Pour une République plus territorialisée


Olivier Rouquan


Entre en débat au Parlement la loi dite « 4D », visant à réformer l'organisation territoriale de la République. Nombreux sont ceux qui s'inquiètent d'une décentralisation à géométrie variable, susceptible de contrarier l'indivisibilité républicaine. Cependant, en quoi adapter le droit à des situations différentes augurerait-il forcément d'un creusement des inégalités ? Plus d'équité dans la prise en compte des faits peut en effet contribuer à régénérer l'action publique et la démocratie.

La loi propose de différencier les compétences, voire l'organisation des collectivités locales relevant d'une même catégorie : communes, départements ou régions n'auraient plus partout la même configuration. Cette possibilité, exceptionnelle jusqu'à présent, deviendrait plus usuelle. Pour autant, la différenciation serait toujours limitée, proportionnée à l'objectif et conforme aux principes républicains. Les dérogations locales pourraient donc permettre à certaines collectivités de récupérer parfois des compétences gérées par l'Etat, alors qu'ailleurs sur le territoire ce dernier continuerait à les assumer. La loi envisage par ailleurs de décentraliser de nouvelles compétences.

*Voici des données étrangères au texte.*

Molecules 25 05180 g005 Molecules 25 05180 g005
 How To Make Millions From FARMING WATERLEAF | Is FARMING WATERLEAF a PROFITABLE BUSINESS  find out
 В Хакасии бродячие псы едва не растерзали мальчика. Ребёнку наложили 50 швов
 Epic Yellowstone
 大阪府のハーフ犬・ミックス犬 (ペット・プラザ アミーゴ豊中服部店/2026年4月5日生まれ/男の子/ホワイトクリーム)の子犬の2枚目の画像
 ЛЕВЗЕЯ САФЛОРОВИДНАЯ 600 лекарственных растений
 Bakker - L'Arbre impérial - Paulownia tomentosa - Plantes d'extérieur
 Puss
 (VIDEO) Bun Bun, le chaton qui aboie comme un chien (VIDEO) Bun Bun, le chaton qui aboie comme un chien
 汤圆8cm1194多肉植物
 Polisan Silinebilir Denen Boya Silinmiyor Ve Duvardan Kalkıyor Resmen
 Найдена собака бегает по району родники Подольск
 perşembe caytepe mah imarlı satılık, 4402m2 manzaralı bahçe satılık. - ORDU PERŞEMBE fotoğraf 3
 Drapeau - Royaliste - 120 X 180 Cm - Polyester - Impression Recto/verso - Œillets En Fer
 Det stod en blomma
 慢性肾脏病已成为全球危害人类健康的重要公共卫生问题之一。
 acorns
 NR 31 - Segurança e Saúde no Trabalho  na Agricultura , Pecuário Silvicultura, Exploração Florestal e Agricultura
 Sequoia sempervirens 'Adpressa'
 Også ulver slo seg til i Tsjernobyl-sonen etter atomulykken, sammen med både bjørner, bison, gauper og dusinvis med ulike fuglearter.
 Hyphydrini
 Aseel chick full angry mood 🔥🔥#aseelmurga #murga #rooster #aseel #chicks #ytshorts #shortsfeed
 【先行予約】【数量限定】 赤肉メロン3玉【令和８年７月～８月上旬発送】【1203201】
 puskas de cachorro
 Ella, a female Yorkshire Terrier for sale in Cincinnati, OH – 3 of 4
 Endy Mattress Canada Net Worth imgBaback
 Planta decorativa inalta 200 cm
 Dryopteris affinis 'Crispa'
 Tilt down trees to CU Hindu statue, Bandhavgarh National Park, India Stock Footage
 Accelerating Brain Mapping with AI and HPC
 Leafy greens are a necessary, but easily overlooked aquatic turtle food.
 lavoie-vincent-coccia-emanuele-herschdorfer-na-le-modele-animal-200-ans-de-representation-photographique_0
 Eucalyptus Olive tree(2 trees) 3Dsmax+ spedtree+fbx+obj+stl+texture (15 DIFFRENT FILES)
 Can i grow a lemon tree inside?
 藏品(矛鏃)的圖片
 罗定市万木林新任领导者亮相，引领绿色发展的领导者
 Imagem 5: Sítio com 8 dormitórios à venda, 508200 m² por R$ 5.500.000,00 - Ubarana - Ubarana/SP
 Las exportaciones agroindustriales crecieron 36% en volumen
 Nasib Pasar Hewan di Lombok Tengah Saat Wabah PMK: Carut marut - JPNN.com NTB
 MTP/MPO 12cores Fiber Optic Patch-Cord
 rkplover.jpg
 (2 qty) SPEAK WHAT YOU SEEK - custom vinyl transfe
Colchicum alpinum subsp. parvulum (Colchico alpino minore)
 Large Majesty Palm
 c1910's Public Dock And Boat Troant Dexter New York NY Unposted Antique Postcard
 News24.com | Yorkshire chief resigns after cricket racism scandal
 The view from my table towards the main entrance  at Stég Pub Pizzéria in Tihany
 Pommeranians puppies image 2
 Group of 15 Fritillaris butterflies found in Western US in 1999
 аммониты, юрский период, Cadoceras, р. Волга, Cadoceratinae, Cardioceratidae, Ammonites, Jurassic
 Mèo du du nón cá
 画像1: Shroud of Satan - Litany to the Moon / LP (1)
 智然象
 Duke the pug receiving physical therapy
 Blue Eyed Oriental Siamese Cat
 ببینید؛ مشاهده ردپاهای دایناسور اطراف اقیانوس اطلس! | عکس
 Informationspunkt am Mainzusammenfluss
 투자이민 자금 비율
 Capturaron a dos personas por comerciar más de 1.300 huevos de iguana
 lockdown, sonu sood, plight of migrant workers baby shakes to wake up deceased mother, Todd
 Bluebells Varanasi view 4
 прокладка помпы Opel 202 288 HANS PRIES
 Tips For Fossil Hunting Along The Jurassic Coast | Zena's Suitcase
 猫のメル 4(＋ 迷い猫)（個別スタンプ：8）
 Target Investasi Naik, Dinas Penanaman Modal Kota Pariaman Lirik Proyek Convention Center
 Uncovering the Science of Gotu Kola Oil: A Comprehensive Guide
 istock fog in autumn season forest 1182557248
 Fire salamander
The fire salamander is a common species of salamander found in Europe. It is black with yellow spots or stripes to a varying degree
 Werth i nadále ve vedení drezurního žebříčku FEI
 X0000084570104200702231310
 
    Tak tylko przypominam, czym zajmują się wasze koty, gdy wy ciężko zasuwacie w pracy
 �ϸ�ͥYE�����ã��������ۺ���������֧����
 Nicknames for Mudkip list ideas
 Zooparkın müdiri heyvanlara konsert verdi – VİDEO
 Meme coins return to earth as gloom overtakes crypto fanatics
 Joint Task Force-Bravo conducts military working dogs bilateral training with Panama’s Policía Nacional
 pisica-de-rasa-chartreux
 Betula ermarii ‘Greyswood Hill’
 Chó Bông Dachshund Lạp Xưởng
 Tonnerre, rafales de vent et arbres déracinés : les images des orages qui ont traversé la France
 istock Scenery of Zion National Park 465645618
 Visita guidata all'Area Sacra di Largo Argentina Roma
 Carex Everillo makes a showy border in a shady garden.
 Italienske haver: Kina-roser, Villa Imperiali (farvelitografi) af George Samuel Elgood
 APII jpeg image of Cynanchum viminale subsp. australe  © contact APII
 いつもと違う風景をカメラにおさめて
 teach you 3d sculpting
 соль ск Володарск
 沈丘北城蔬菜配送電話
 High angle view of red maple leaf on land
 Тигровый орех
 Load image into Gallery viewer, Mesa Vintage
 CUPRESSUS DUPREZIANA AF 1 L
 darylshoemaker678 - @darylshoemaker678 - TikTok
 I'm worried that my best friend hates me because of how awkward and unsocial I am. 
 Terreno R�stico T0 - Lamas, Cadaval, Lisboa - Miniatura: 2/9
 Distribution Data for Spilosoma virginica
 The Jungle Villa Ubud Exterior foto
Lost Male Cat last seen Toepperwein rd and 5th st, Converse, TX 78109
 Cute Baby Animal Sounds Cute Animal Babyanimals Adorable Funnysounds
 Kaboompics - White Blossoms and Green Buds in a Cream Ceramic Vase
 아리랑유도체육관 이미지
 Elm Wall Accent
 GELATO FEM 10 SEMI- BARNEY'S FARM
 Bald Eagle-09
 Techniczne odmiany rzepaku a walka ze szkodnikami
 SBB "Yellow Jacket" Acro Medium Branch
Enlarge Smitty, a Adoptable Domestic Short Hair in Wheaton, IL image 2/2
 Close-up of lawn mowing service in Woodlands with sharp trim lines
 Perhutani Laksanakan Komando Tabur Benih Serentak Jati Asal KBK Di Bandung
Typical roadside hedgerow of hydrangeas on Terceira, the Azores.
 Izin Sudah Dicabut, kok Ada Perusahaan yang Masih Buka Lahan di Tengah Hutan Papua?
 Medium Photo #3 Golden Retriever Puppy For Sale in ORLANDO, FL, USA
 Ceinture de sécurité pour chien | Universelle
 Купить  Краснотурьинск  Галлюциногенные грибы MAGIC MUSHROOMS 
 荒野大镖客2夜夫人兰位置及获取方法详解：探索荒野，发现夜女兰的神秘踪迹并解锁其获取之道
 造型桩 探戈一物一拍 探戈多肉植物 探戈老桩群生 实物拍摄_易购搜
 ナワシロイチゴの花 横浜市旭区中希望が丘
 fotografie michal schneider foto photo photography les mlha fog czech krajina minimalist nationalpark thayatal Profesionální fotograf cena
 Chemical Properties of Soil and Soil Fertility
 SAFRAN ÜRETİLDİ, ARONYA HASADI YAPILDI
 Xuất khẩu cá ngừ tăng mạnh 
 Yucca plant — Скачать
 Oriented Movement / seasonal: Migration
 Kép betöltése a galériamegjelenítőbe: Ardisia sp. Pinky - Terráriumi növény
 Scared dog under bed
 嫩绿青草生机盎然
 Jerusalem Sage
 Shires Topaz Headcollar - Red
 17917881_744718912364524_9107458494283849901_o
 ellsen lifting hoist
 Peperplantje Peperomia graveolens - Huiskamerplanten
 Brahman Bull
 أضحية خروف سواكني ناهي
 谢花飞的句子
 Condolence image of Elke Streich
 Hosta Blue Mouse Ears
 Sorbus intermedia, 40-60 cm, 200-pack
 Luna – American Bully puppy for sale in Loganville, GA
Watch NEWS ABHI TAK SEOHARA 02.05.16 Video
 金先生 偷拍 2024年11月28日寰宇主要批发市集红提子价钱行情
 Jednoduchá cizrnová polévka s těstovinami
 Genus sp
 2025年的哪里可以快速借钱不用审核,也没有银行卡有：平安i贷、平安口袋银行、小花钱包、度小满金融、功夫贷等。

Est-ce une révolution ? Non. Ni en matière de transfert de responsabilités (routes, pupilles de la nation, santé, écologie, etc.), ni en matière de dérogation normative, le projet ne va bien loin. Du reste, depuis plusieurs années, des collectivités au statut et compétences spécifiques se sont multipliées : Collectivité européenne d'Alsace, statut de la Ville de Paris, Métropole de Lyon. Autant dire que le mouvement est engagé.

Ainsi, l'évolution législative projetée n'engage nullement une transformation substantielle de l'Etat unitaire. Or, les crises que nous traversons exigent sans doute un saut qualitatif permettant aux « petits pays » de disposer de plus d'autonomie. Il ne s'agit en rien de renier l'indivisibilité. Mais face à l'hypertrophie présidentialiste incontrôlée, face aux dysfonctionnements d'un Etat devenu exsangue dans les territoires, un modèle plus pertinent pourrait résulter d'une responsabilisation plus forte des collectivités locales sur l'opérationnel, un regain étatique étant souhaitable sur le régalien, le contrôle et la gestion de crise.

Le Covid-19 indique en effet depuis plus d'un an que les communes, départements et régions se sont mobilisés et ont été réactifs, parfois plus agiles que l'Etat déconcentré. Certes sans démériter, les ARS et préfectures manquant de ressources humaines ont pu apparaître rigides et procédurières. Allons donc au bout d'une certaine décentralisation, pourquoi pas y compris en matière de santé - puisque bloc communal et départements se sont déjà emparés de la lutte contre la désertification médicale et les régions ont pris le relais logistique sur les masques ou tests pour suppléer aux carences… En contrepartie, l'Etat pourrait redéployer ses moyens pour être plus efficace sur les fonctions régaliennes et sur la gestion de crise au niveau central.

Une rationalisation poussant vers une décentralisation plus forte n'exclut pas de se préoccuper de légitimité politique. Plus responsables, les niveaux locaux seront aussi comptables de leurs résultats. Par ailleurs, l'Etat devra davantage négocier certains points avec les collectivités - la décision étant plus concertée, elle sera a priori moins contestée. Enfin, toujours au titre des valeurs démocratiques, des mécanismes de flux fiscaux remaniés garantis par l'Etat empêcheraient de confondre régionalisation souhaitable de l'Etat et montée des inégalités. Car il est faux de déduire de la forme juridique et administrative d'un Etat le fait qu'il est plus inégalitaire que son voisin ; par exemple, les Etats plus décentralisés d'Allemagne et d'Autriche - puisque fédéraux - ne sont pas plus inégalitaires que la France - Etat unitaire. Nous pourrions donc, par exemple, nous orienter vers un rehaussement normatif de la région comme collectivité territoriale : un point à débattre lors des élections de juin… si elles ont lieu !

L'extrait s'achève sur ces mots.